TRY IT:
Repeat exactly, and only, the lines below starting at the line that contains "西塘古鎮(zhèn)風(fēng)光" and ending at the line that contains "Manyi Mall Xiaomi", inclusive of both.

Collection entries:
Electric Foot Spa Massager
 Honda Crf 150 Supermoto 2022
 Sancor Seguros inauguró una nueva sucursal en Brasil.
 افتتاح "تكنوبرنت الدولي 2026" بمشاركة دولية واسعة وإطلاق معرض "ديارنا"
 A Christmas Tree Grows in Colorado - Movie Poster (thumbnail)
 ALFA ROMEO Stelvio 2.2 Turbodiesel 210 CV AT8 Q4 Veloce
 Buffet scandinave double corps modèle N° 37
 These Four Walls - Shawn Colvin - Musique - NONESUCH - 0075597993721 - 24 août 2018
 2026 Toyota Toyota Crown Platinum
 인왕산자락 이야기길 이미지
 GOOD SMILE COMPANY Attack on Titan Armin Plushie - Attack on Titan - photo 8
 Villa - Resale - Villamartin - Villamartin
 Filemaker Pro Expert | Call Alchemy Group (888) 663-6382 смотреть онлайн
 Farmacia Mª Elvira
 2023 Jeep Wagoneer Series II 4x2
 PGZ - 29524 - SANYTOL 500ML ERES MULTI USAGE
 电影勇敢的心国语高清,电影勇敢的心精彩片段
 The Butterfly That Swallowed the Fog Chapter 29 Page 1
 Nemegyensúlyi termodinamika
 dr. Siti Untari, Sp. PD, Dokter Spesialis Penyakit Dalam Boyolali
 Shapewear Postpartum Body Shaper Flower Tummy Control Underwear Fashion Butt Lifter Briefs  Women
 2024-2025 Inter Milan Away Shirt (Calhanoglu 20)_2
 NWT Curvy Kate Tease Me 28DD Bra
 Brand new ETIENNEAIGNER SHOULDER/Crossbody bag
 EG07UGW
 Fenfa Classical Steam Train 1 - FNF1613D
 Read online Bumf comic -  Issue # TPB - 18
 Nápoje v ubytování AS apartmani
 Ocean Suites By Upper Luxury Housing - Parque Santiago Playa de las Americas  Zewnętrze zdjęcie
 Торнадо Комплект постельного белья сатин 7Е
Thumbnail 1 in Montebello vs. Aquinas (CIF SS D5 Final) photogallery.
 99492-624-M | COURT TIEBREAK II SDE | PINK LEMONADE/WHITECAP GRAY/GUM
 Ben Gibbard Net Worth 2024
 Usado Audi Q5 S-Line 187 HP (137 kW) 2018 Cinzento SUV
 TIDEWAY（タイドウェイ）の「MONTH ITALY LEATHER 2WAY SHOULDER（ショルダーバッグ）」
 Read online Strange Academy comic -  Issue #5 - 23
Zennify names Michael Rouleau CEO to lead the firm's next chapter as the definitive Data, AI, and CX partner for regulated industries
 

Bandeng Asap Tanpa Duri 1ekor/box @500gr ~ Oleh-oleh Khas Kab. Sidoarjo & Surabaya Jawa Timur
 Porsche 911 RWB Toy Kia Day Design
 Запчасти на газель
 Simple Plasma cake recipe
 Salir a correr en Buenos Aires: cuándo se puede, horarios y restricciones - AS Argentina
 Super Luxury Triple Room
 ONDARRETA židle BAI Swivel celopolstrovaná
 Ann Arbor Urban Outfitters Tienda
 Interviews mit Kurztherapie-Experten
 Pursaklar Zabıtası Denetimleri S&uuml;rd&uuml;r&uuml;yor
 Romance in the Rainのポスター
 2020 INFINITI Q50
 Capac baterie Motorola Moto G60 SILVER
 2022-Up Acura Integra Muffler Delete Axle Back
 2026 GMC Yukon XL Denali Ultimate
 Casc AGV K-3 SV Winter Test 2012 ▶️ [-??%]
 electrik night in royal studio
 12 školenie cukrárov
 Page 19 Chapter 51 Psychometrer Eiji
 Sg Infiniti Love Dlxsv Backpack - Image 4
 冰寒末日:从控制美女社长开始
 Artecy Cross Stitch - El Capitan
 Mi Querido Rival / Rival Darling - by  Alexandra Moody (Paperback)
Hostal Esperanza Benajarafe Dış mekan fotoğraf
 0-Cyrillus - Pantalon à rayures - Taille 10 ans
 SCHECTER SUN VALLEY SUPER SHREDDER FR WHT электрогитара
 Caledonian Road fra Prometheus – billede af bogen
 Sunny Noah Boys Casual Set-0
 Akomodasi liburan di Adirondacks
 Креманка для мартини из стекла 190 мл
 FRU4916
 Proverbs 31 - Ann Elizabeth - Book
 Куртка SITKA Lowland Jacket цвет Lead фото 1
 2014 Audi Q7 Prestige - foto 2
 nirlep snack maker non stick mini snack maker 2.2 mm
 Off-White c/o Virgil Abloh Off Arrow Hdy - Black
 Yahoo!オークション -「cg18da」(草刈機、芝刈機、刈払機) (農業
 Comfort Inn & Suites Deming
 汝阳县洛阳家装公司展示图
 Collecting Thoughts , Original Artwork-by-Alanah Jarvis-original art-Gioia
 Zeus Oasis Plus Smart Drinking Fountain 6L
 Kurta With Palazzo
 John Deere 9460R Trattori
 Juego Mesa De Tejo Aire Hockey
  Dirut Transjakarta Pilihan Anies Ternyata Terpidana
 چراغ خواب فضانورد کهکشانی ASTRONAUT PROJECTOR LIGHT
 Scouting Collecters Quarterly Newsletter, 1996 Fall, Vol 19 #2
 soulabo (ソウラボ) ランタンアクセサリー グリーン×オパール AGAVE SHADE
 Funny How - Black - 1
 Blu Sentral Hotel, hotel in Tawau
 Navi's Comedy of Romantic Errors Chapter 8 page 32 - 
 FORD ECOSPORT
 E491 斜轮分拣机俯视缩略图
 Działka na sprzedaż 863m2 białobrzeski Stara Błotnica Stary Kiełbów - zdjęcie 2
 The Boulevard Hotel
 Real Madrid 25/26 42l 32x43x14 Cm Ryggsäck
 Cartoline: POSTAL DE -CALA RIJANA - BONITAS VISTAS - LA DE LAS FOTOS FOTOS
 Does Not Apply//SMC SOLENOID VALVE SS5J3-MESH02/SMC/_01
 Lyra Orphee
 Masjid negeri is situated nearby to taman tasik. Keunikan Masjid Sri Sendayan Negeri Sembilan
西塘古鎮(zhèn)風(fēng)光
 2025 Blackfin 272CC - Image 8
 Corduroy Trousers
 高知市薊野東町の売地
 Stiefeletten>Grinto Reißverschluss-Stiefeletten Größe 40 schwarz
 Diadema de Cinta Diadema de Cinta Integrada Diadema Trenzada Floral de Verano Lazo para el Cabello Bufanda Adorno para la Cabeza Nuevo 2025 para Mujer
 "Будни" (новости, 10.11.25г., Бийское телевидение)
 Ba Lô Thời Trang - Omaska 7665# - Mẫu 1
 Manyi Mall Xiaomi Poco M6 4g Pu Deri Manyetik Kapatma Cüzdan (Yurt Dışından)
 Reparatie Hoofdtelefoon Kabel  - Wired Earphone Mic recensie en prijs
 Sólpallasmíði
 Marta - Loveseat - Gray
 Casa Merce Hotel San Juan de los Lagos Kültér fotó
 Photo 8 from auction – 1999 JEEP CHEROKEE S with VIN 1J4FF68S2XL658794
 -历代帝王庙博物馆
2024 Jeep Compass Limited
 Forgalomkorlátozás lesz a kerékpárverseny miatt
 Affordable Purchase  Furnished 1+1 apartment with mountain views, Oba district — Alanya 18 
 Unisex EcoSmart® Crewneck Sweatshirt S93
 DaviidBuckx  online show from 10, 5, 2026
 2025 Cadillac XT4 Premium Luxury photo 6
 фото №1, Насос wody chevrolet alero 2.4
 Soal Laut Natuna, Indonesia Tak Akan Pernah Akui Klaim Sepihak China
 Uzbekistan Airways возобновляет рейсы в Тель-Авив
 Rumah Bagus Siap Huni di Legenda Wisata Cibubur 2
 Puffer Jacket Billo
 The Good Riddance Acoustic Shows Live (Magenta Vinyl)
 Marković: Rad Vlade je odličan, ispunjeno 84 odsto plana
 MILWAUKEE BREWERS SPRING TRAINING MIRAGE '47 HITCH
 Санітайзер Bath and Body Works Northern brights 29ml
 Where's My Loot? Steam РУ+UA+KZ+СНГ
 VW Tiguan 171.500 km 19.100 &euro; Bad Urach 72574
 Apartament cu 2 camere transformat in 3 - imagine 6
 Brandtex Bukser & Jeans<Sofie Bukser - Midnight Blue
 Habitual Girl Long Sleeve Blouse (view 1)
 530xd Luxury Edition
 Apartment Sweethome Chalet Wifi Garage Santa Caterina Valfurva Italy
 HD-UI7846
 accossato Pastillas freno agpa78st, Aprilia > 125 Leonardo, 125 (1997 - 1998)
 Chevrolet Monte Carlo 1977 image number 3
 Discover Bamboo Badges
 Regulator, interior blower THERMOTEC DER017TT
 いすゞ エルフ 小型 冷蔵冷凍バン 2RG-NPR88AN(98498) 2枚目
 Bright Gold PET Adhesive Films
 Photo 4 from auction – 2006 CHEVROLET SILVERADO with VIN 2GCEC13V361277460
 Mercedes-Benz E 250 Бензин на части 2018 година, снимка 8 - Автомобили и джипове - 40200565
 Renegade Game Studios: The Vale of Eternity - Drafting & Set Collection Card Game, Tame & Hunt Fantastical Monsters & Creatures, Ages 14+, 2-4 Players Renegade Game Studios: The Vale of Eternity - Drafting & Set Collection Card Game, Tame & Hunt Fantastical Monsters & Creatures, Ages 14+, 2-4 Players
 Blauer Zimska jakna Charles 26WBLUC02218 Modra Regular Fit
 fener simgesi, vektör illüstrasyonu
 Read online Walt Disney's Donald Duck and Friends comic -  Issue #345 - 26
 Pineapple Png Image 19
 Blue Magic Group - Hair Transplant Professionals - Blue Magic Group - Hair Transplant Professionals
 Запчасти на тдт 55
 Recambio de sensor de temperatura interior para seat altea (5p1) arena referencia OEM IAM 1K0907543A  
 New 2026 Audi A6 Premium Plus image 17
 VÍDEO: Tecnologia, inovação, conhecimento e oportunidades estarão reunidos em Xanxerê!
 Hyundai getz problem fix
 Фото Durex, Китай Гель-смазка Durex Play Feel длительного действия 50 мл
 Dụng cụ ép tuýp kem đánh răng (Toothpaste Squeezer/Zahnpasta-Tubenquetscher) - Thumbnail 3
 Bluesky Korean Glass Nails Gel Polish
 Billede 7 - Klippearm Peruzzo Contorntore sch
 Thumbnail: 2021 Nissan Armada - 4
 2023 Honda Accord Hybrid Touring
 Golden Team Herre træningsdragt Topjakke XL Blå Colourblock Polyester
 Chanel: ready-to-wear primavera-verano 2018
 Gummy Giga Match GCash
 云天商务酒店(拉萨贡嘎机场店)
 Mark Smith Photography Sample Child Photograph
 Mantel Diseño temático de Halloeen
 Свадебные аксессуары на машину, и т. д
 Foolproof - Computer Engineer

OUTPUT OF THE EXERCISE:
西塘古鎮(zhèn)風(fēng)光
 2025 Blackfin 272CC - Image 8
 Corduroy Trousers
 高知市薊野東町の売地
 Stiefeletten>Grinto Reißverschluss-Stiefeletten Größe 40 schwarz
 Diadema de Cinta Diadema de Cinta Integrada Diadema Trenzada Floral de Verano Lazo para el Cabello Bufanda Adorno para la Cabeza Nuevo 2025 para Mujer
 "Будни" (новости, 10.11.25г., Бийское телевидение)
 Ba Lô Thời Trang - Omaska 7665# - Mẫu 1
 Manyi Mall Xiaomi Poco M6 4g Pu Deri Manyetik Kapatma Cüzdan (Yurt Dışından)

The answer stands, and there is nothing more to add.